The four main devices (symbols) in the Geiger blazon are the violin, wings, lion rampant and mortar. The three main tinctures (colors) are gules, sable and azure .
Gules, the heraldic colour red is very popular, sometimes said to represent “Military Fortitude and Magnanimity”1. It is usually abbreviated as gu and in the days before colour printing was shown in a system known as hatching by vertical lines 2. Although it may look like a French word it is normally pronounced with a hard “g” and may be derived either from the Latin gula (throat) or Arabic gule (rose).3
Sable, the deep black so often found in Heraldry is believed to named from an animal of the marten family know in the middle ages as a Sabellinœ and noted for its very black fur 4. In engravings, when colors cannot be shown it is represented as closely spaced horizontal and vertical lines, and appropriately is thus the darkest form of hatching, as this method is known 5. Although it may seem a sombre tone, and does indeed sometimes denote grief, it is more commonly said to represent Constancy 6.
The bright, strong blue color in Heraldry is known in English as azure, and similarly in other European languages – azul in Spanish, azurro in Italian and azur in French. The word has its roots in the Arabic word lazura, also the source of the name of the precious stone lapis lazuli 7. Despite this, those heralds who liked to associate colours with jewels chose instead to describe blue as Sapphire. According to Wade, the use of this colour symbolises “Loyalty and Truth” 8.

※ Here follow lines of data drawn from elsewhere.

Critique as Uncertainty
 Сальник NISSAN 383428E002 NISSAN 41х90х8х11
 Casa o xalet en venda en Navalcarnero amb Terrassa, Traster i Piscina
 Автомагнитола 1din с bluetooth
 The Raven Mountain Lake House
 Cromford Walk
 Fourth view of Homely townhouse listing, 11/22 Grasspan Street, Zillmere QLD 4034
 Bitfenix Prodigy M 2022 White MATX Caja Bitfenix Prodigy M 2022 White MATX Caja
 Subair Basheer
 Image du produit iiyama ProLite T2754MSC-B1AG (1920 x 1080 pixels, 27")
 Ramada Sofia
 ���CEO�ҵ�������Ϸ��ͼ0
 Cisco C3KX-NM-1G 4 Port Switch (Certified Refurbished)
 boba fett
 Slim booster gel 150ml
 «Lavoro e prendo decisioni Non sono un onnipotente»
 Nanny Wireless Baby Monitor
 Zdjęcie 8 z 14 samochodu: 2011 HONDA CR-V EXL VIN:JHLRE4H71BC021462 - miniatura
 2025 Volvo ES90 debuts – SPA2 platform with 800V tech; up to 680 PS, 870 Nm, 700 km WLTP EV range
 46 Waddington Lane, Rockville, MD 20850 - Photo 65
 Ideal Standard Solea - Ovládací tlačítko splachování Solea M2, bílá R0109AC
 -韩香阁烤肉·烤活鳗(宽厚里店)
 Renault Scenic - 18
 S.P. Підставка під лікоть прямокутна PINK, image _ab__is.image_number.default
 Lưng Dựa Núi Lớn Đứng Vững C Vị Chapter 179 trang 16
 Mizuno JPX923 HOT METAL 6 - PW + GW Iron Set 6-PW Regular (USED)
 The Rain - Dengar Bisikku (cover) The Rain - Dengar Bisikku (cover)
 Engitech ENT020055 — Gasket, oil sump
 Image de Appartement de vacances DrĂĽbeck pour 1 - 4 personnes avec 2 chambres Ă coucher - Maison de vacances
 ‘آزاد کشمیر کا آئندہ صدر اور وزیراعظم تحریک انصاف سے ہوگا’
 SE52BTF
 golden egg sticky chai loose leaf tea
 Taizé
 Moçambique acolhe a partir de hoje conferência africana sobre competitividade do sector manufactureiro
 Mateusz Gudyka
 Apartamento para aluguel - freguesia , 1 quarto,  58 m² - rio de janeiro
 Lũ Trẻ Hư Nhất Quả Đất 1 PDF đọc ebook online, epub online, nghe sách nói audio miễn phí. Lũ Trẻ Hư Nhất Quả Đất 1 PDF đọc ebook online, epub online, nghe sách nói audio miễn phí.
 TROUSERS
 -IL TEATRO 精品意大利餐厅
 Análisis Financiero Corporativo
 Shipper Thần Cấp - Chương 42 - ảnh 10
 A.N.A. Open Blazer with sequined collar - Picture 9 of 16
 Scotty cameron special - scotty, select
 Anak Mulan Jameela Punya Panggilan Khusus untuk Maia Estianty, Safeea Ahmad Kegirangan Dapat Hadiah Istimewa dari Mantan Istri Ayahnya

Music was as popular in the middle ages as it is today and musical instruments are frequently to be found in coats of arms 9. Sometimes these are a “play on words” such as the trumpets appearing for Trumpington 10, but sometimes just for the pleasure and ease of identification that these objects allow. The violin is an example of this. In common with most instruments, Wade believes that the symbology of these devices is “ready for the fray”. 11
Wings are frequently observed in coats of arms. Unless otherwise specified they should be shown as eagle’s wings, with a realistic appearance. 12 They can appear singly or in pairs, in which form they are very often found in the crest, which rests above the shield in a full achievement of arms. Wade, quoting Quillim, suggests that the use of the wing on the shield signifies “celerity and protection or covering”. 13
There can be no animal more clearly associated with Heraldry than the lion, majestic King of the Beasts. Originally it appeared only in one pose, erect, on one paw, with the others raised 14 but such was the popularity of this figure, and the need to distinguish arms from each other, that it soon came to be shown in an enormous range of forms 15. The lion rampant is an example of these modified form, and any family would be proud to have such a noble creature displayed on their arms. Rampant is the default attitude of the lion, raised on its hind legs, facing to the dexter and with front paws extended in a fearsome and powerful pose.